(Task material Opens)

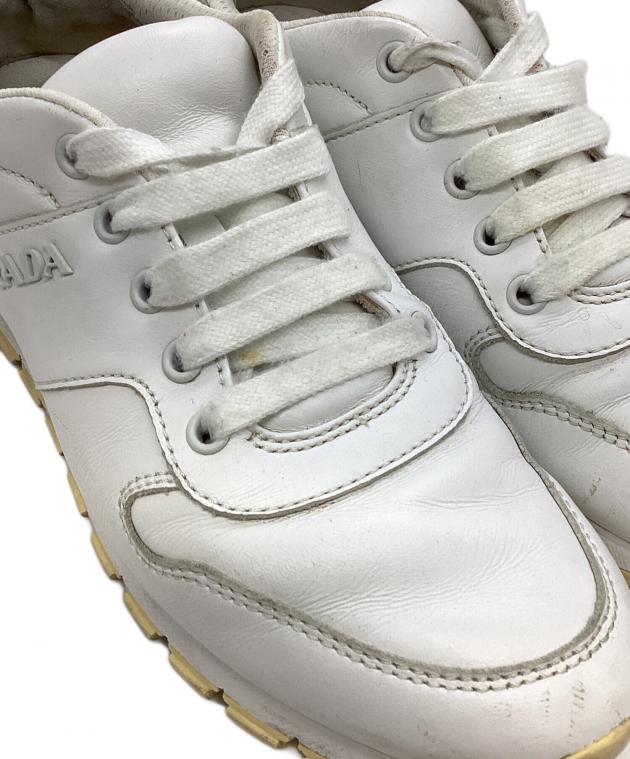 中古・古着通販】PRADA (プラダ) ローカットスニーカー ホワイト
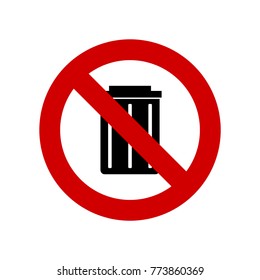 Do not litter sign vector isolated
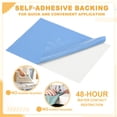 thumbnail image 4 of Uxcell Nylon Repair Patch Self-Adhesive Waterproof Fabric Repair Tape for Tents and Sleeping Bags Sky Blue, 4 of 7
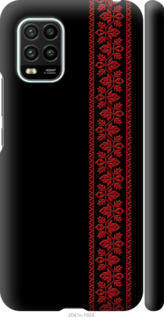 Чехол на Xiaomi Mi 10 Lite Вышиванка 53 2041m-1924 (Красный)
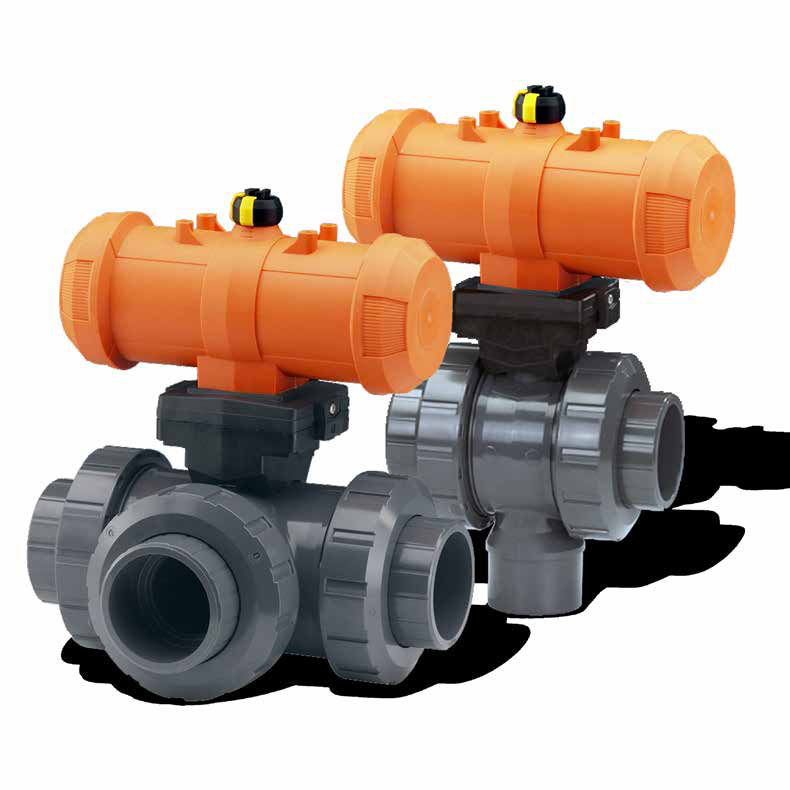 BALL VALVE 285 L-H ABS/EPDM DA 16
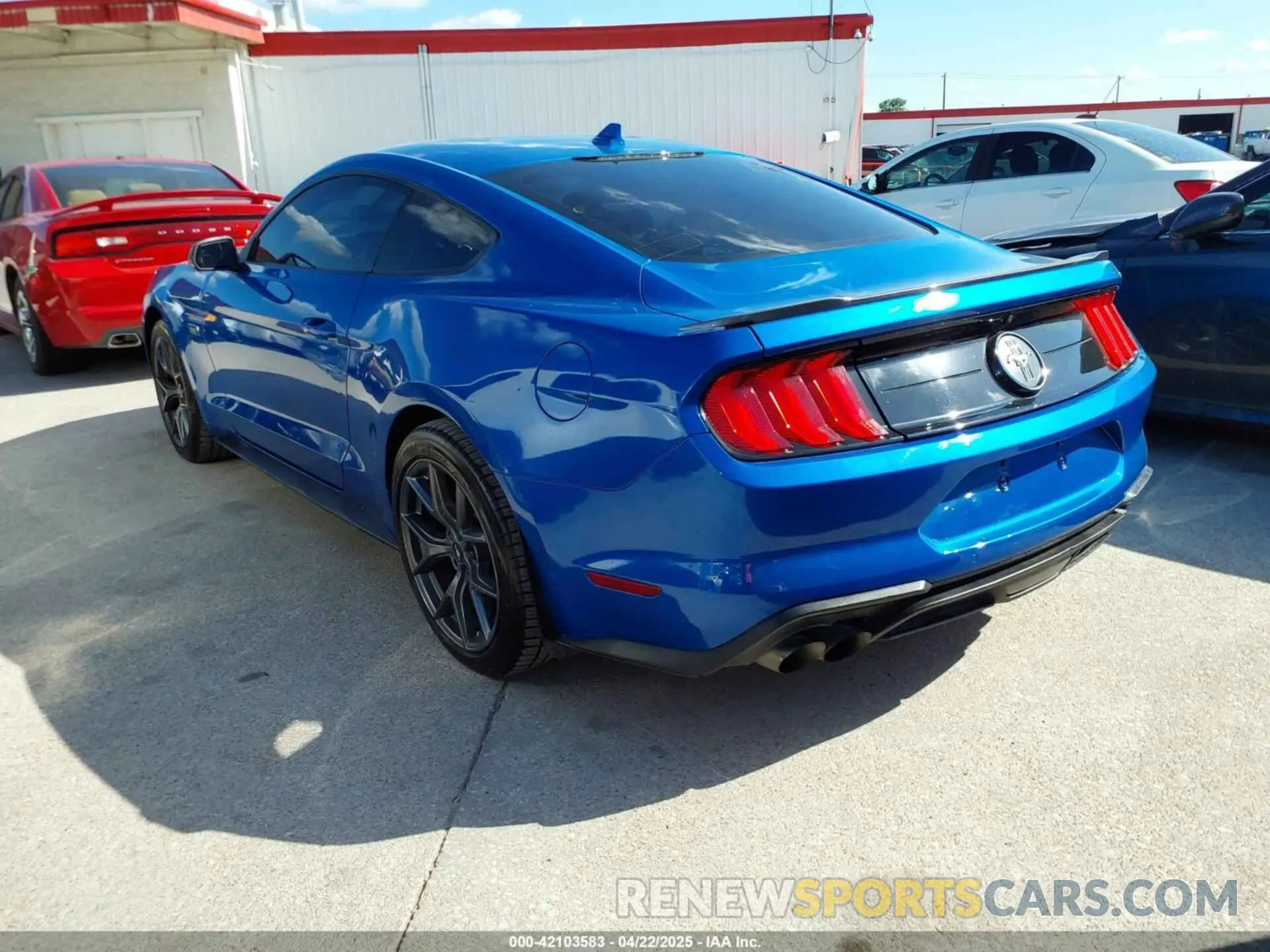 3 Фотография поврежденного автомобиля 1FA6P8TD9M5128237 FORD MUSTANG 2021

(Task material Closes)
(Task material Opens)

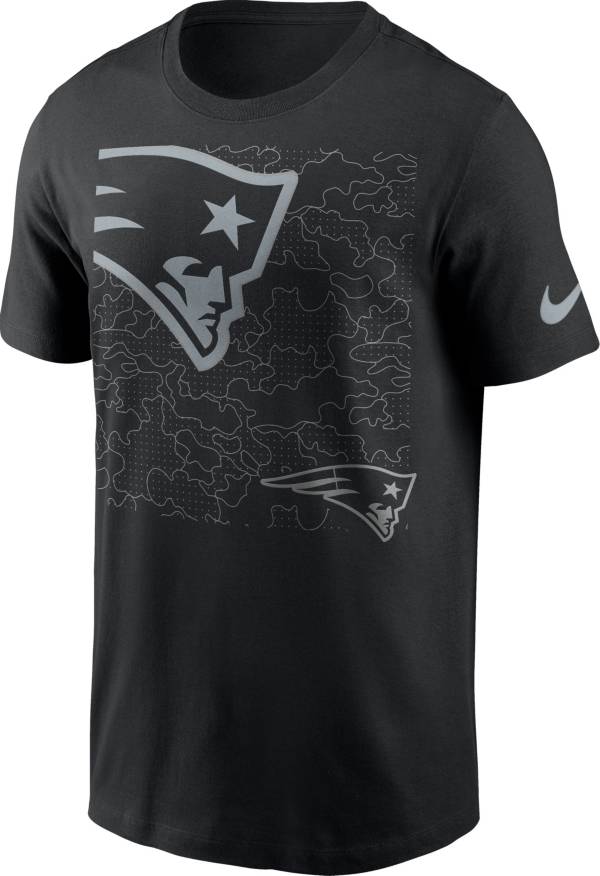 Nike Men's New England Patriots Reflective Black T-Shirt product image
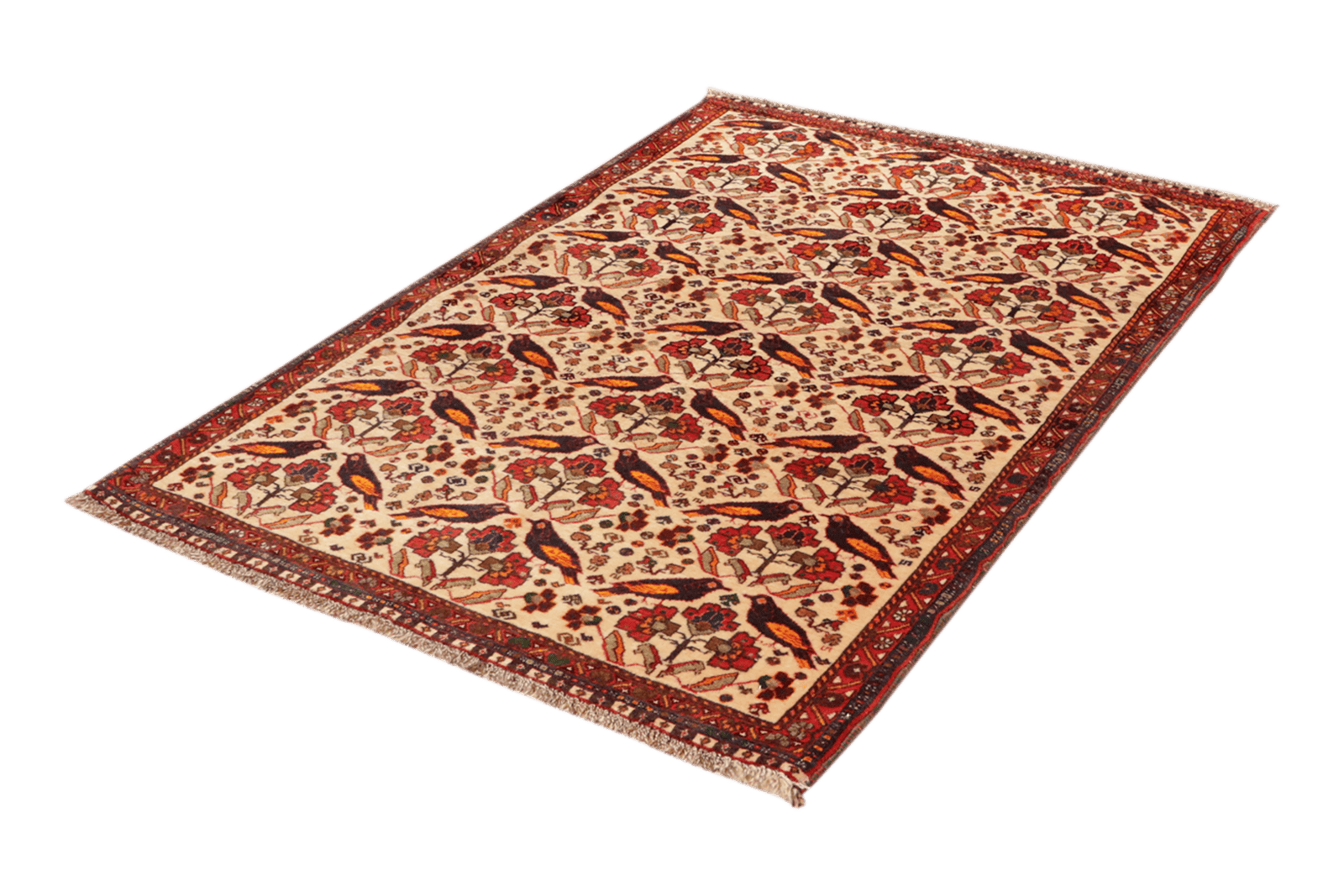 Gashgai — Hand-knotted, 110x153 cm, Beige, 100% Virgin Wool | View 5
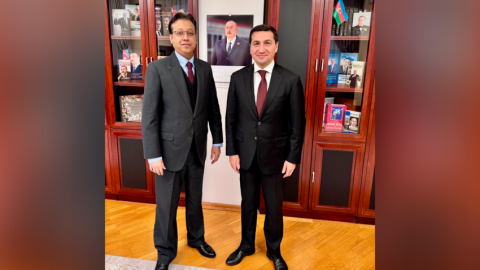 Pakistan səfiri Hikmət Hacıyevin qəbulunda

(Task material Closes)

■ **Directions for this task**: In the listing above, find the line with "Do not litter sign vector isolated" and the line with "3 Фотография поврежденного". Copy both of them and every line between, exactly, but not the pictures.

■ **Written solution**:
 Do not litter sign vector isolated
 thumbnail image 4 of Uxcell Nylon Repair Patch Self-Adhesive Waterproof Fabric Repair Tape for Tents and Sleeping Bags Sky Blue, 4 of 7
 Чехол на Xiaomi Mi 10 Lite Вышиванка 53 2041m-1924 (Красный)
 BALL VALVE 285 L-H ABS/EPDM DA 16
 3 Фотография поврежденного автомобиля 1FA6P8TD9M5128237 FORD MUSTANG 2021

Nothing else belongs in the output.